Avisados por seu vigia, saem os negros de sua palhoça, em grande alarido, para enfrentar o inimigo. Trava-se, então, uma série de combates simulados, quase um bailado mímico, em que os reis negro e índio esgrimam espadas e os demais imitam a luta com seus arcos e flechas, suas foices de madeira, volteando, saltando, correndo, recuando, sempre ao ritmo das duas musiquetas.

Depois de vários embates, os caboclos são repelidos e debandam. Mas não desistem do intento de subjugar os negros. Mandam o Espia de Índio colocar em frente do rancho uma garrafa de jurema que é descoberta pelos negros e que por eles bebida, os faz cair ao chão adormecidos.

Aproveitam-se os caboclos da oportunidade e capturam a rainha que é levada ao seu abrigo ou paliçada.

Despertando no rancho, os negros dão pela falta de sua rainha e saem novamente a combater os caboclos que reaparecem em frente ao Sítio. Nesse meio tempo o Papai Velho e a Catirina, burlando a vigilância dos caboclos conseguem reaver a rainha que volta ao seu trono, no mocambo dos negros. Ao regressar do combate, sabe o rei do índios que a rainha branca foi recapturada.
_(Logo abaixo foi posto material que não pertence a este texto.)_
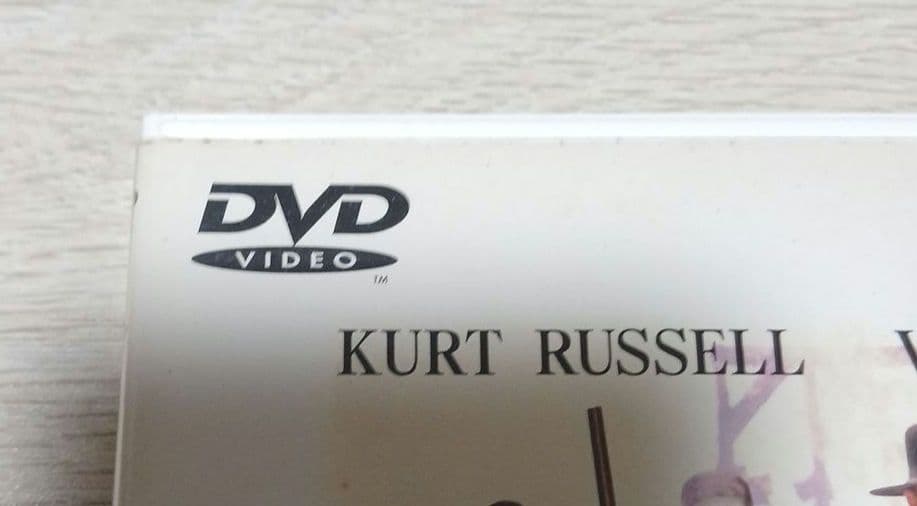 【廃盤プレミア品 特価】トゥームストーン('93米)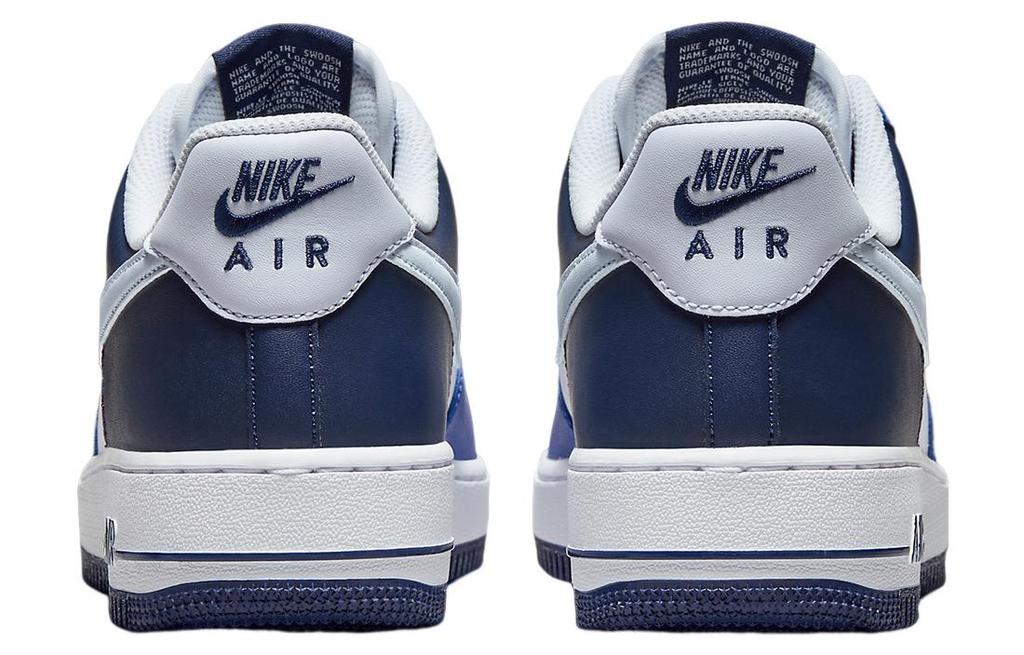 Nike Air Force 1 Low '07 LV8 Game Royal Navy FQ8825-100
Volta imediatamente ao combate, cada vez mais encarniçado. E já quando vai caindo a tarde, os ataques do rei do caboclos se fazem mais insistentes e perigosos, ao passo que mais rápido se torna o andamento das músicas do Folga Negro e do Dá-lhe Toré. Como um leão acuado, o rei dos negros defende-se valentemente até que um golpe no peito esquerdo o fere de morte. O rei dos Caboclos enguiça-o, isto é, passa-lhe por cima do corpo, e os negros refugiam-se no reduto, enquanto a rainha sai a tirar esmola para o enterro do defunto marido.

Nesse ínterim, porém, o rei dos caboclos ressuscita o rei dos negros, fazendo-o cheirar uma folha de jurema (ou de qualquer outro mato em seu lugar) e logo reiniciam-se os combates que agora serão breves e terminam pela prisão do rei dos negros. Espoucam foguetes, fogem e debandam os negros, a meninada cobre de vaias os vencidos e os caboclos vitoriosos aprisionam e amarram os negros que são vendidos aos assistentes. Igualmente é presa a rainha que é geralmente vendida ou resgatada por um dos maiorais, presentes à festa.
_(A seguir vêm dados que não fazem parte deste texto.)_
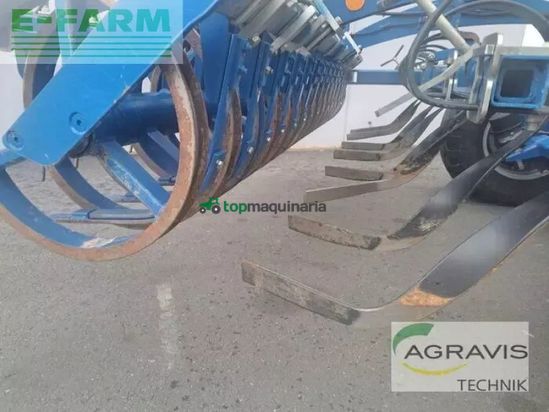 Sembradora - Kockerling - ultima cs 300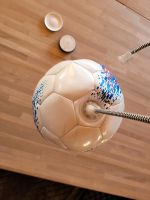 Fußball Decken-/Hängeleuchte IKEA LED RGB smart Fernbedienung Bayern - Atting Vorschau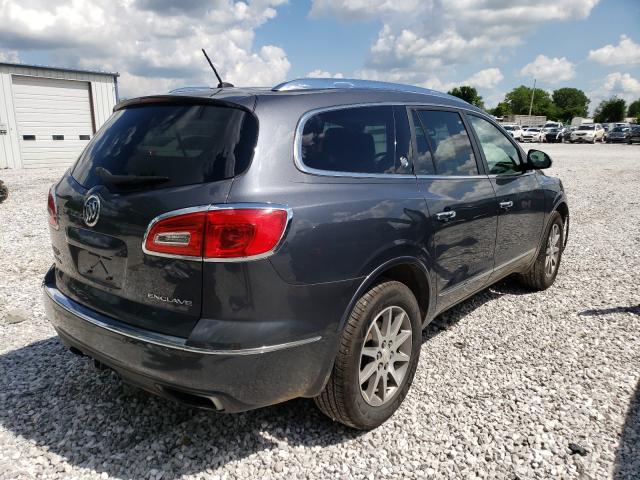 2014 BUICK ENCLAVE 5GAKRBKD4EJ193220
E entre choros, súplicas, gaiatices e gatimônias dos cativos, especialmente do Papai Velho e da Catirina, termina o auto ou melhor o bailado dos quilombos.


[1]. A denominação de "Esquenta-Mulher" para a bandinha de pífanos foi dada pelo saudoso Major Bonifácio, de Bebedouro, devendo-se presumivelmente ao fato de agitar, de animar a bandinha, com suas marchas, tangos e chotes, o elenco feminino que participava ou assistia às festas de que era elemento indispensável.